*What to produce*: All of the lines below are to be transcribed faithfully, with pictures excluded from the copy.

*Data excerpt*:
****************************************

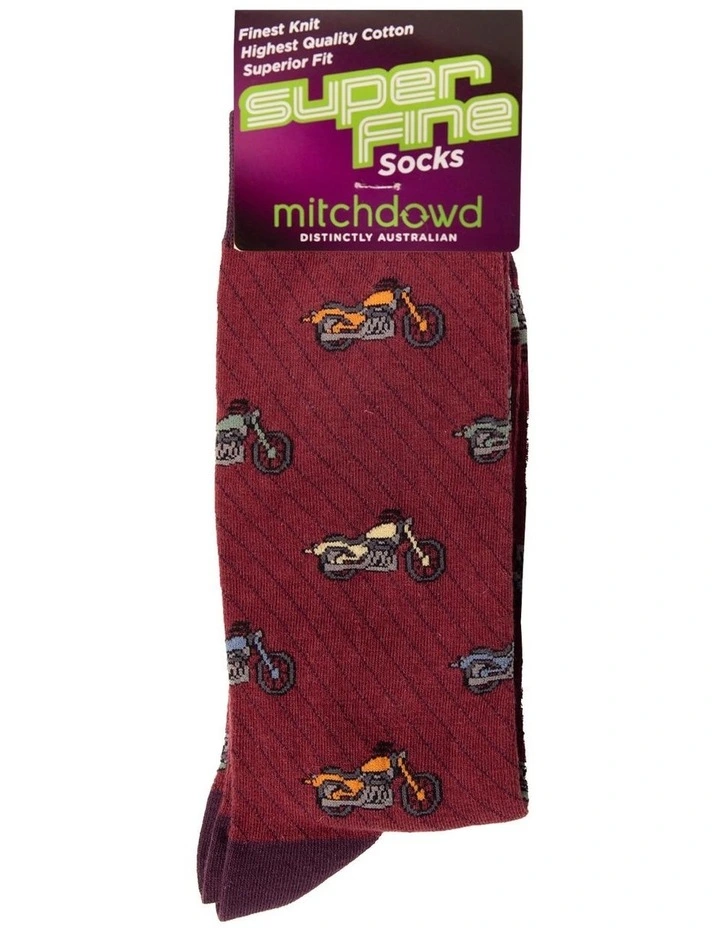 Motorbikes Super Fine Cotton Crew Socks in Burgundy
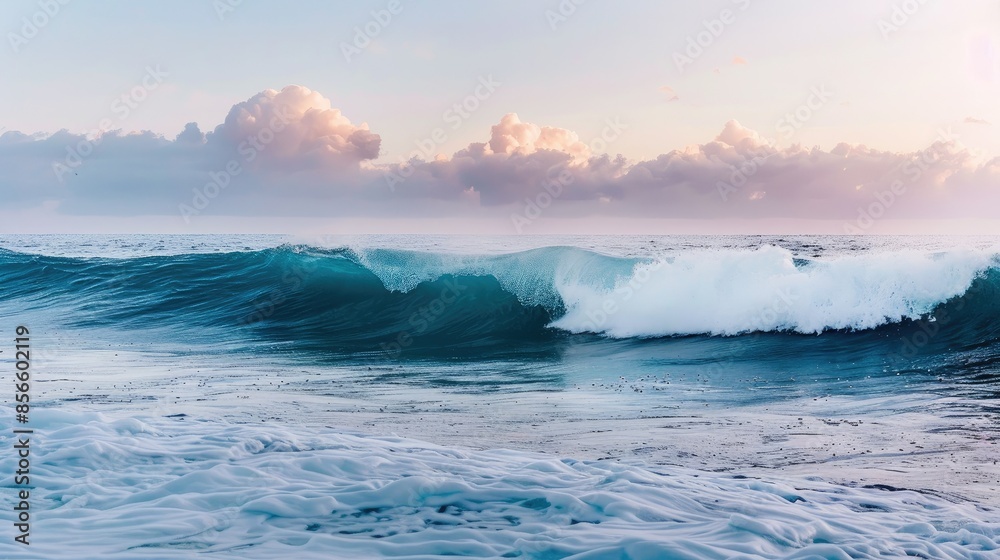 Fototapeta premium foamy waves rolling up in ocean 
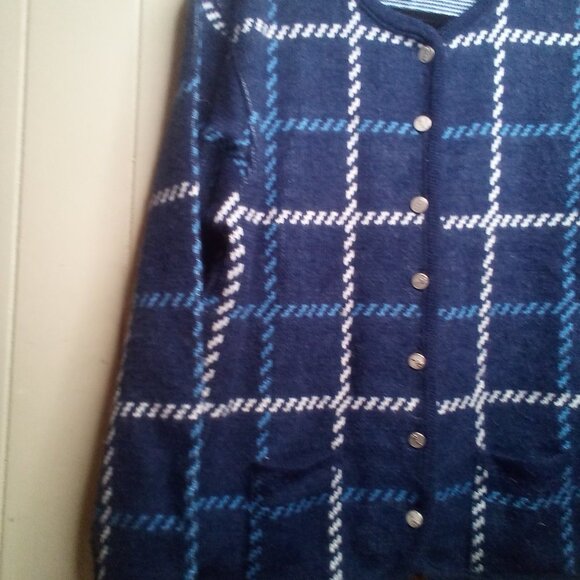 Tally Ho Sweater Cardigan L Button Up Long Sleeve Blue White - Picture 13 of 16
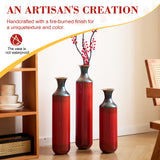 Modern White Metal Droplet Vase Set 3-Piece Home Decor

****************************************

*Exercise solution*:
 Motorbikes Super Fine Cotton Crew Socks in Burgundy
 Fototapeta premium foamy waves rolling up in ocean 
 Tally Ho Sweater Cardigan L Button Up Long Sleeve Blue White - Picture 13 of 16
 Modern White Metal Droplet Vase Set 3-Piece Home Decor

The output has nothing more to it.